Numerous antibodies exist that are purported to be specific for individual MEF2 isotypes (MEF2A, MEF2B, MEF2C, and MEF2D). We have not found these reagents to be satisfactory. This is a result of the following: 1) use of long partial protein or polypeptide antigens with segments that lack isotype specificity; 2) failure to account for alternative MEF2 splicing isoforms, such that antigens include alternative domains that are variably present and/or highly conserved across isotypes; and/or 3) use of antigens that correspond to domains that have regulated modification(s) that influence immunodetection. We have overcome this reagent limitation by developing three antibodies, and each specifically recognizes all splicing forms of MEF2A, MEF2C, or MEF2D. The antibodies identify human and mouse MEF2 proteins, and are predicted to recognize MEF2 factors of numerous mammalian, avian, reptilian, amphibian, and actinopterygian species (supplemental Table S2). In this study, we have used these reagents in ChIP and mobility shift assays to show that endogenous MEF2A protein binds the MEF2A MEF2 element and that other MEF2 factors occupy the element in proportion to their relative abundance. These antibodies, of utility in IB, IP, EMSA, and ChIP, as shown here, as well as in immunohistochemistry (81), should prove to be of significant value in studies of vertebrate MEF2 functions.
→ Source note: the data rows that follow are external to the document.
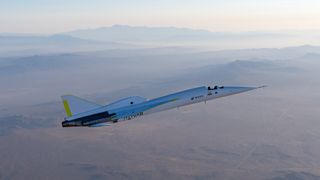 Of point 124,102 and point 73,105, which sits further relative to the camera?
point 124,102

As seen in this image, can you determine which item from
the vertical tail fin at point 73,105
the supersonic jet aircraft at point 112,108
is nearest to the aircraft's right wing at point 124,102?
the supersonic jet aircraft at point 112,108

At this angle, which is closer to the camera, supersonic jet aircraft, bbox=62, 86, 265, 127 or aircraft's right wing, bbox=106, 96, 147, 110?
supersonic jet aircraft, bbox=62, 86, 265, 127

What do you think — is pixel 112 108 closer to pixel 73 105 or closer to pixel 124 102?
pixel 124 102

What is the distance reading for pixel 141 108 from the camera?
5684 cm

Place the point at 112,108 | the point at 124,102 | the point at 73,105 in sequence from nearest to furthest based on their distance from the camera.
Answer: the point at 73,105
the point at 112,108
the point at 124,102

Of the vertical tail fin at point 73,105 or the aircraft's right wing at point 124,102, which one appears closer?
the vertical tail fin at point 73,105

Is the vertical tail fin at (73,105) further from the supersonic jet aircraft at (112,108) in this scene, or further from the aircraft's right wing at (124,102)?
the aircraft's right wing at (124,102)

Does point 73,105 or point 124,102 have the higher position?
point 73,105

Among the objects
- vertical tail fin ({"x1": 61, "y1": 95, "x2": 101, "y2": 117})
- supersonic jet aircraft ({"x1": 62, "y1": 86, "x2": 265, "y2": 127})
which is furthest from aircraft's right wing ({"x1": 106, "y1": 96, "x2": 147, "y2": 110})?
vertical tail fin ({"x1": 61, "y1": 95, "x2": 101, "y2": 117})

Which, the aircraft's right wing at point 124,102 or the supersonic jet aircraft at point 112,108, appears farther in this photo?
the aircraft's right wing at point 124,102

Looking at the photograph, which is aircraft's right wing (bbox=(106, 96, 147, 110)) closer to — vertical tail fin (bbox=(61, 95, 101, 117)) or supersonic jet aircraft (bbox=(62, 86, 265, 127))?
supersonic jet aircraft (bbox=(62, 86, 265, 127))

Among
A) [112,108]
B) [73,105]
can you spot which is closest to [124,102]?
[112,108]

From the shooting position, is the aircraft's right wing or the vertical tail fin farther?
the aircraft's right wing

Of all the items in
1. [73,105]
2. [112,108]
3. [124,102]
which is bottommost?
[112,108] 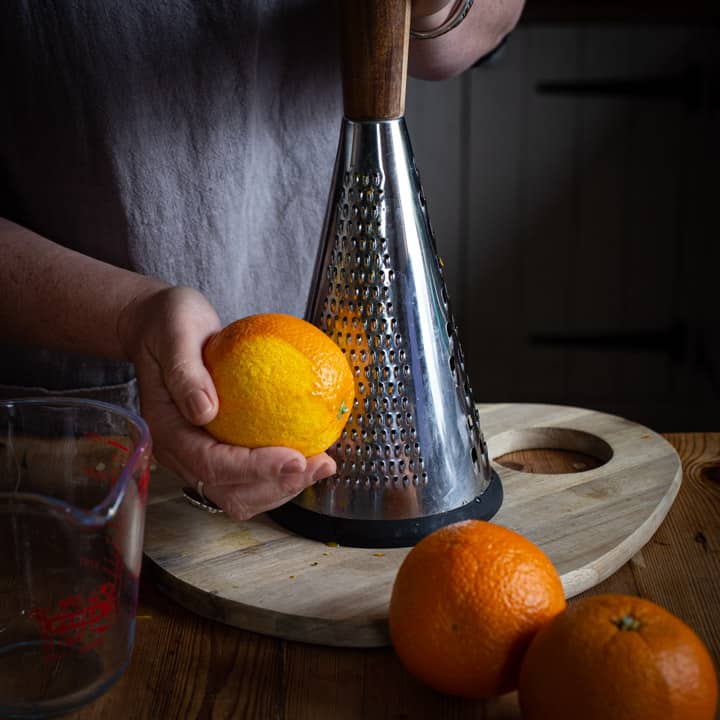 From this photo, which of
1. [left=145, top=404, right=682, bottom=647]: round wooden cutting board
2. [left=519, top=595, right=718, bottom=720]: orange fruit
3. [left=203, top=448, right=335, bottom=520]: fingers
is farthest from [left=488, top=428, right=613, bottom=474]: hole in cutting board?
[left=519, top=595, right=718, bottom=720]: orange fruit

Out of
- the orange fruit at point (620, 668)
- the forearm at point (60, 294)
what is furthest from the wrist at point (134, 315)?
the orange fruit at point (620, 668)

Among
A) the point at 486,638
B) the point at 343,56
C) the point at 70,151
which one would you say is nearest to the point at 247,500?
the point at 486,638

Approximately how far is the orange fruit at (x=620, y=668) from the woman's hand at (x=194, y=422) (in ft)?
0.73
The Drosophila Mef2 (DMef2) transcriptional regulatory region consists of a complex array of elements that govern temporospatial gene expression (32). This region has several sites that bind DMEF2 according to ChIP (82), one of which is responsible for transcriptional autoregulation of this gene (33). Because true vertebrates probably originated from a cephalochordate-like ancestor, we mapped the sole MEF2 gene of a cephalochordate to investigate whether autoregulation generalizes to other species. We identified the 5′-regulatory region of the MEF2 gene of amphioxus B. floridae, a cephalochordate for which cDNA and genomic sequences are available. We found a MEF2 element whose sequence and register with respect to the TSS are identical to those of mammalian MEF2A. Although we did not perform functional studies, this striking similarity invites speculation that this gene is also subject to negative and positive control by its protein products, as for MEF2A. Thus it is likely that MEF2 transcriptional autoregulation is conserved among the higher metazoans, including arthropods, cephalochordates, and mammals.